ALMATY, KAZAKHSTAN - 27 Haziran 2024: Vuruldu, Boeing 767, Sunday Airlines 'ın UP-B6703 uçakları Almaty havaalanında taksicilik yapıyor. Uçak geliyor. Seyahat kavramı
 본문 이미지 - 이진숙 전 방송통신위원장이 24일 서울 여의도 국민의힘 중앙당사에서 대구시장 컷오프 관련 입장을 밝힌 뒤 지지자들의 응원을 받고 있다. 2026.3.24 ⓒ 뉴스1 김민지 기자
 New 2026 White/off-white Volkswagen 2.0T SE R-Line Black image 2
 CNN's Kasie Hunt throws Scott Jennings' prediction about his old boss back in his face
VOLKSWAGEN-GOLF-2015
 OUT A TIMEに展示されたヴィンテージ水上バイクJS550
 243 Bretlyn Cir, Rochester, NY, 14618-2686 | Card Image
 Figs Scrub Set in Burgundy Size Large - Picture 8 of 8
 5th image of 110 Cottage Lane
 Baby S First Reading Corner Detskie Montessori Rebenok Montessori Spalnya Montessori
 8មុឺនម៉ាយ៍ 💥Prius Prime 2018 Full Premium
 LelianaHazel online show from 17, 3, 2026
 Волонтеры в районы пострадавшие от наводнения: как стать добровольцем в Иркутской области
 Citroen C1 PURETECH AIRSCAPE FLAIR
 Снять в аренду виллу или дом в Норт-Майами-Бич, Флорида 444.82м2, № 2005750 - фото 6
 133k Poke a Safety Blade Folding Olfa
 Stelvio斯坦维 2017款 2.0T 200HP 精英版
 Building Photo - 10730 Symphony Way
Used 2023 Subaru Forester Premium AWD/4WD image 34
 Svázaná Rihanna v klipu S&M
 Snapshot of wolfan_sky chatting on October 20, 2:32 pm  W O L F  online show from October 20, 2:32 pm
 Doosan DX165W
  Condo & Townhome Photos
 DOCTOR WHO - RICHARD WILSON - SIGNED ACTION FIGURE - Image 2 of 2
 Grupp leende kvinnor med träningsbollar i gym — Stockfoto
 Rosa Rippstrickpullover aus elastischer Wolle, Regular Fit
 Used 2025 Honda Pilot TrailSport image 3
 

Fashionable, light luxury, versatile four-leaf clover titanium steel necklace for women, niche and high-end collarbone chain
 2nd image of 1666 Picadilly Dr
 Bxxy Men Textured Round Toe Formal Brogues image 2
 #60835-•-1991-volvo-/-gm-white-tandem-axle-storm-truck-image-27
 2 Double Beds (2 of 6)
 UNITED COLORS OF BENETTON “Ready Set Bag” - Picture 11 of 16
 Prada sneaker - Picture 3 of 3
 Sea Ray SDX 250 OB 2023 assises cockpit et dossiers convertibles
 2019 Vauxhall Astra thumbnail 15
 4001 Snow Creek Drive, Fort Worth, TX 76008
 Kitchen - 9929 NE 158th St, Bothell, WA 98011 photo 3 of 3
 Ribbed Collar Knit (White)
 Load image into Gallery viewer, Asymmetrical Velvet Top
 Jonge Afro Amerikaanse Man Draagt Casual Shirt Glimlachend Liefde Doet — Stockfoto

• • •

- Task directions: Search the entries for "online" and copy each matching line.

- Solution:
 LelianaHazel online show from 17, 3, 2026
 Snapshot of wolfan_sky chatting on October 20, 2:32 pm  W O L F  online show from October 20, 2:32 pm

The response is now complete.